Slide rules are primarily visual and manipulated non-digitally. Using one is
quite relaxing. The calculator interface demands "numbers as a sequence of
digits" and you must type each digit and operation. But with a slide rule,
numbers are values (usually 3-digit) on a number line instead. The analog
nature of the computation fits the human brain well IMO.

My favorite was a circular slide rule since it eliminated multiplications
(logarithmic additions) that were off the scale (which on most slide rules
mandated a shift of the slide to the opposite side).

One of the initial attractions of electronic calculator when they first became
commonly available was the increased number of significant digits, yet it is
amazing how much was done previously using only three.

------
ctdonath
Snipers use slide rules. The Mildot Master is popular for computing bullet
drop from estimated target size and crosshair grid marks.
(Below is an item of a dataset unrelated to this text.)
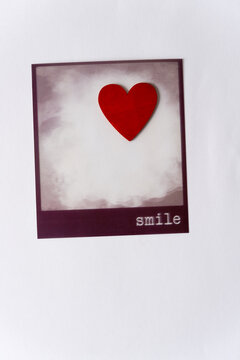 themed photo overlay with hand-painted wooden heart on a light background with plenty of space for copy or text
Sure, some are going to computers for the math, but laminated paper holds up
better under extreme conditions for almost free.

------
runjake
I have a Dietzgen No. 1757. It's useful for raising my Apple external keyboard
up to be level with my ergonomic wrist pad.

In all seriousness, I don't know how to use it, but I should learn. It could
come in handy when/where power isn't available. It's amazing how much our
knowledge would decline in the event computers & electronic gadgets were
somehow destroyed or unusable. I've always tried to learn the basics. For
example, when out hiking, I use a map, compass, and protractor -- and use my
GPS as a backup.

Anyone have any useful links for non-mathematicians learning to use one?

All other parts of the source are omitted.